アメリカやイギリス、イタリアなどが次期主力戦闘機とする、F35です。
今回、日本も生産の一翼を担うことになりました。
F35は、9か国が共同で開発しました。
その生産も各国が部品を融通し合う国際的なシステムになっています。
日本企業は、まず自衛隊向けに部品の製造や機体の組み立てを担当すると計画されています。
しかし将来的には、日本製の部品も、国際的なシステムに参加することが期待されています。
開発の中心担うロッキード・マーチン社 ジョエル・マローン氏
「日本にはまず自国向けの機体を製造してもらいます。
その後は世界に部品を供給してもらう機会も探りたいと考えています。」
三原則の見直しを追い風に、新たに海外の軍事市場に参入しようとする企業も出てきています。
フランスで6月に開かれた、武器や警察装備の見本市です。
東京の中小企業が開発した、携帯型サーチライト。
1.5キロ先の目標を照らすことができます。
フランス軍需企業
「アフリカの部隊から日本製の装備を輸出してほしいと言われている。

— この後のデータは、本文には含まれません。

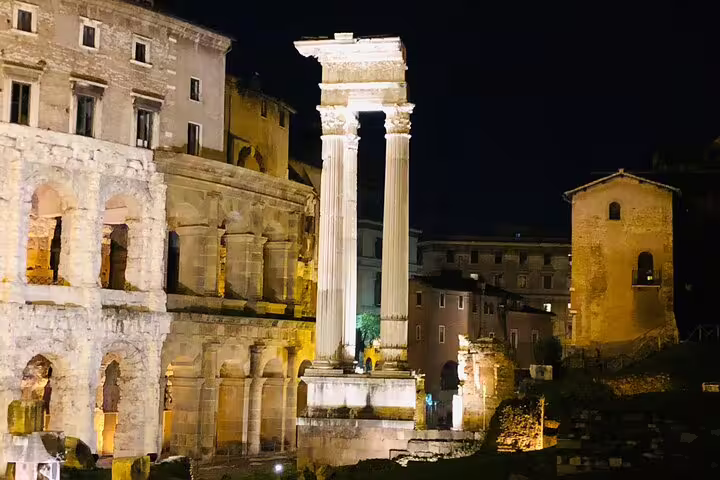 Ancient Roman Forum ruins and lit marble columns glowing at night on a private chauffeur-driven Rome sightseeing tour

」
社長の深澤篤(ふかざわ・あつし)さんです。
展示会では、中東やアフリカなどから100社以上の名刺が集まりました。
ジャパンセル 深澤篤社長
「これ見て『いいね』って。
手応えは感じています。」
深沢さんの会社では、もともと医療機器や半導体などに使うガラスの特殊加工を手がけてきました。
しかし6年前のリーマンショックで業績が一時的に落ち込み、生き残り戦略として、軍や警察向けの市場参入を決めました。
ジャパンセル 深澤篤社長
「仕事は実際に減っています。
この業界がダメになっても、別の業界で仕事を継続できるよう、違う新しいことを選択しなければいけない。」
今年8月、深沢さんはトルコでの商談に臨みました。
軍事市場への参入を決めた矢先に三原則が見直され、絶好のチャンスになるととらえています。
商談先は、軍などに制服や防弾チョッキを販売するトルコの商社です。
トルコの商社
「いいね、すごく軽いね。」
商社側は、トルコ以外の国でも販売する権利がほしいと要求しました。
トルコの商社
「シリア、イラク、イラン、アゼルバイジャン、マケドニア、今はウクライナの市場が熱いです。」
商談の結果、まずはトルコ警察を中心に売り込むことが決まりました。
年間3億円の売り上げを目指します。
ジャパンセル 深澤篤社長
「(三原則の見直しが)追い風ではある。
法律の範囲内でできることをやる。」
一方、軍事市場への流出を懸念し輸出管理を厳しくしている会社もあります。
無人ボートを製造するメーカーの社長、幸田耕二郎(こうだ・こうじろう)さんです。
ボートを輸出する際には現地に足を運び、軍事転用されていないか直接確認しています。
このメーカーが製造する無人ボートは、コンピューター制御で自律航行します。
水中の地形を超音波で調べ、データを無線で送信。
ダムなどの測量に使われています。
輸出先を直接確認するようになったのは、ここ数年、思わぬ国からの問い合せが増えたからでした。
イスラエル、リビア、イランなど、世界中からメールが届きます。
紛争やテロに使われれば、企業イメージに大きな傷がつくと、警戒しています。
コデン 幸田耕二郎社長
「もし本当に軍事転用されると、我々としては怖いので。
爆弾みたいなものとか載せてくることが考えられるので。」
この会社では輸出したあとも年に一度、メンテナンスで製品を回収しています。
勝手に改造されていないか、チェックを徹底するためです。
しかし先月(9月)、思いもよらない事態が起きました。
聞いたことのないチリの企業から、突然、修理の依頼が来たのです。
メールには、以前ボートを輸出した企業から分社した会社だということが記されていました。
その会社のホームページを開こうとしたところ…。
コデン 幸田耕二郎社長
「開かない。」
この日、メールに記された連絡先を確認することはできませんでした。
コデン 幸田耕二郎社長
「いきなり何も言わないでこんなメールがきて、わからないよね。」
「一回戻してもらって、検査した方がいいのかなと思うんですけど。」
いくら対策を徹底しても起きる不足の事態。
軍事転用を防ぐ管理には、終わりがないといいます。
コデン 幸田耕二郎社長
「知らないところに行ってしまうのは、怖いですね。